Crunch v. Fluff: The Unstackening

On Wednesday I unloaded both barrels on the crunch vs. fluff dichotomy in roleplaying design, labeling it a stacked framing meant to grant an air of objective authority on one set of gamer tastes. Monte Cook, whose post inspired that one, doesn’t much care for the terms either.

Which raises the question: is there a neutral way to describe this real separation in player tastes?

To do that, we need to find positive terms for both ends of the continuum, which respect the essential role they play in a roleplaying experience, and the players who strongly prefer one side over the other.

“Crunch” works as is, as one would expect for the quality the framing was built to favor. I used the related term “crunchy bit” in Robin’s Laws of Good Game Mastering to evoke the satisfying interplay of imaginary hard details. There is an aesthetic pleasure in these interactions, both as abstractions and in the ways they claim to simulate real-world processes. Players find a certain complexity level emotionally satisfying. Inconveniently for game designers, that level varies even among crunch-lovers. Crunch also suggests what one tends to do with these rules—crunch your opponents upside the head. It appeals to particular player types, placing vital tools in the hands of butt-kickers, tacticians, and power gamers.
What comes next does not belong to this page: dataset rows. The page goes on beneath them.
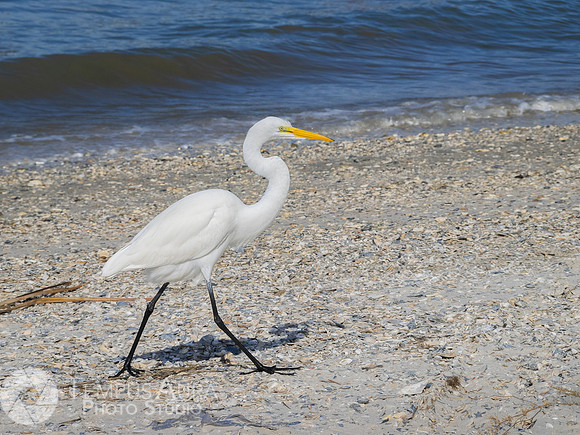 White Egret on Beach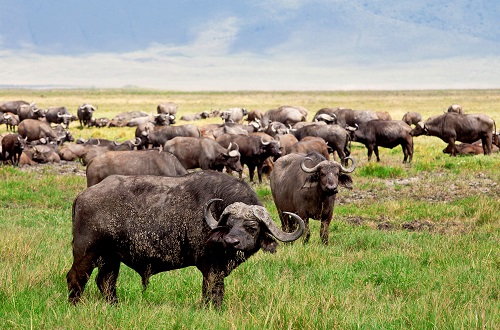 5 day Tanzania big five safari
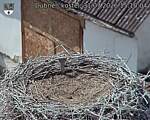 Capi_Dubne_20260731_151004.jpg
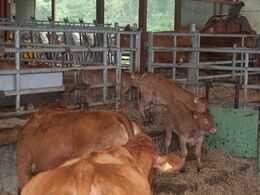 Kalvene slippes løs og kravler ned ad trappen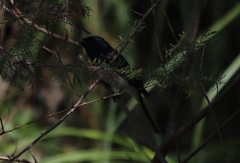 Myiagra cyanoleuca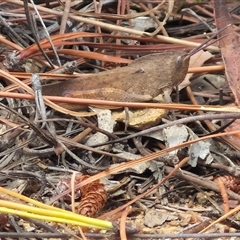 Goniaea carinata at Bungendore, NSW - suppressed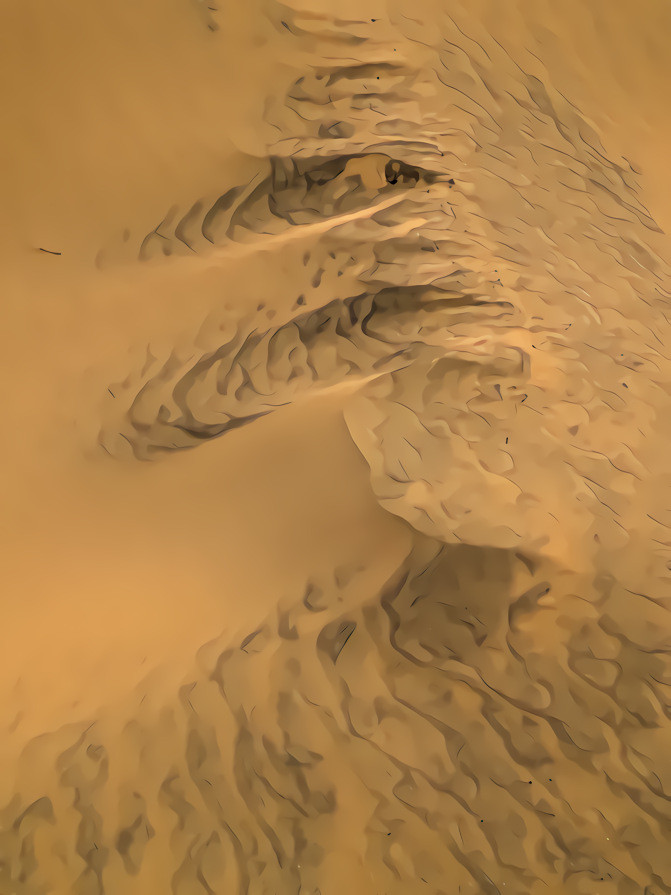 Windblown sand patterns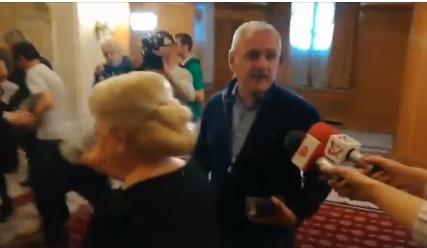 Liviu Dragnea, Foto: Hotnews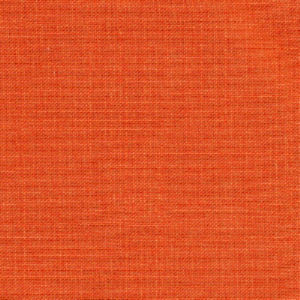 Rave Penny by Norbar Fabric OKIN 100% POLYESTER INDIA 54 - Fabric Carolina -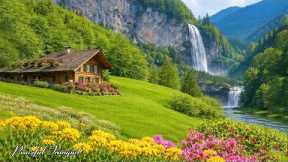 Restores The Nervous System - Stop Overthinking Reduce Anxiety & Inner Peace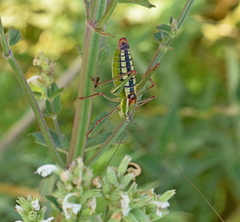 Poecilimon macedonicus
“Fluff”, however, has to go. It’s inherently dismissive of the RPG elements that bring storytellers, method actors, explorers and casual gamers to the table. We need a punchy, fun term to encompass the invented histories, character portrayals, setting descriptions, visual imagery and other imaginative elements that together make up the form’s narrative side. “Imagination” or “visualization” describe what these bring to the game, but sound dry and lack that one-syllable pizazz.

In exceptions-based card games, one sometimes uses the term “chrome.” That sounds cool and shiny, but, like “fluff”, implies a superficial layer placed on top of the true substance. Which is arguably the case with the art, flavor text and setting elements in a card game, which are much less central to play in a card game than their analogues in an RPG.

The term “flavor” gets us a little closer. Who would want food without flavor? But it still sounds like an added ingredient rather than one half of a balanced whole.

With a little free association, however, we can springboard from “flavor” and “chrome” to two possible alternate terms.

“Sizzle” seems at least as cool as crunch, and sticks with the latent food metaphor. It draws out the emotional dash that story elements provide.

The judges will also accept “flash” as a short, positive word that describes that selfsame impact.

So if you want to speak honestly when discussing the balance of mechanics/tactics and character/story, call it “crunch vs. sizzle” or “crunch vs. flash.” Then we can talk.